David Moyes recently vowed to avoid ‘over-promising the West Ham fans’ when asked what his team could achieve this season.
Granted that was before the Hammers lost 3-0 at Chelsea and failed to beat relegation-threatened Brighton at home so reporters are unlikely to ask such an optimistic question again in a hurry.
But for a second – before the inevitable slide back towards mid-table mediocrity – West Ham fans looked like they could soon be given something they were promised nearly eight years ago.
‘A world class team for a world class stadium’.
That’s what Karren Brady said in 2013 as the board were in the midst of thrusting the move from Upton Park to London Stadium on several generations of loyal match-going West Ham fans.
Moyes said: ‘I still want to make sure I don’t over-promise the West Ham supporters because I think they’ve been over-promised. I want to be as straight as I can, I think we’ve got a really good team in the making.
‘We’ve brought in some really good, exciting players and hopefully in the next couple of transfer windows we can add to that. I can’t build it and get it that good right away but I believe I can, given a period of time.
‘You can’t turn perceptions of West Ham around in one or two transfer windows. This is a massive oil tanker we’re turning around and we want to get it turned around and facing the right direction with everybody aboard.’
In light of Moyes’ comments, I was asked by the editor of this magazine if I thought we have been over-promised over the years and if so, which promises still annoy me.
To that question, there is only one answer. The biggest broken promise of all: ‘A world class team for a world class stadium’.
There was an implicit contract forged between fans and the club as the heart-wrenching stadium move was confirmed.
And it was thus: ‘We – the club – are ripping you away from your spiritual home where your hearts belong and generations of your friends and family have gone to support your team for more than 100 years.
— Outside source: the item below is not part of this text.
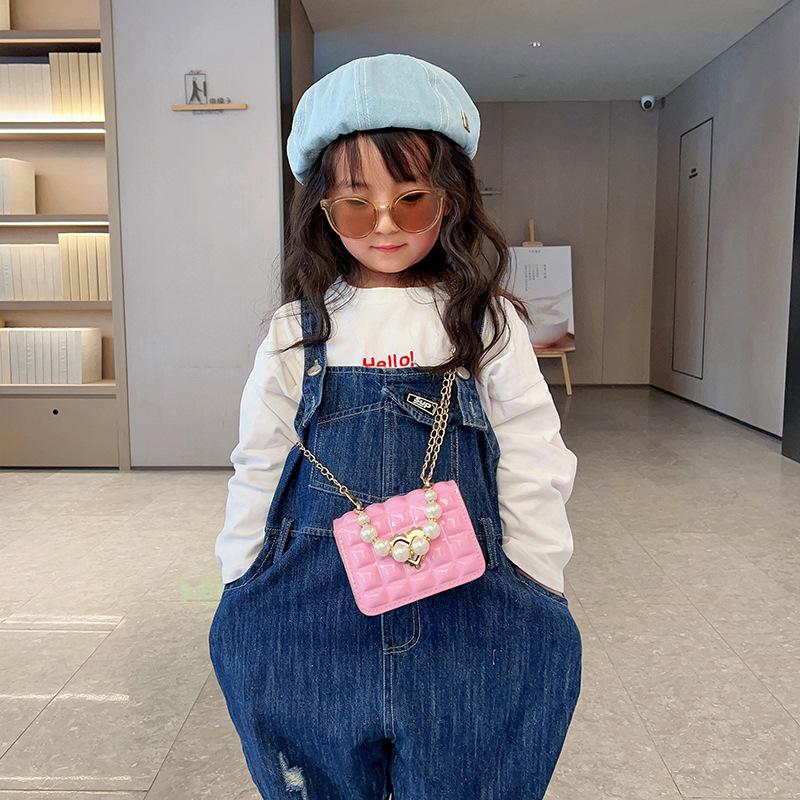 Mini small bag 2025 new pearl hand bag little princess style texture bag foreign style square chain messenger bag tide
‘And in return for your loss, you – the fans – will receive a team on the pitch that will no longer be “also rans”, they will instead strive for greatness and be in the mix for trophies and a European place season after season.’
A world class team if you will.
In 2013, Brady said: ‘When I came to West Ham in January 2010 and embarked on a journey for the Olympic Stadium I had two things in mind.
‘It had to be a world-class football stadium and our fixtures always had to have priority over everything else that happens in the stadium.’
No mention of home games on Boxing Day being canned because of nearby Westfield but carry on.
Brady continued: ‘I said you could trust us to deliver a world class stadium. I think and hope you can see you could trust us.
‘There’s only one Olympic Stadium and that gives us a fantastic chance to grow commercially. And why would we do that? So we can provide the best team possible for our manager to win things for all of us.
‘That’s our ambition, a world-class stadium with a world class team. And with commercial opportunities afforded to us by the Olympic Stadium, that money can be invested in the team so the team and the stadium are a powerful mix of the best football has to offer in the UK.’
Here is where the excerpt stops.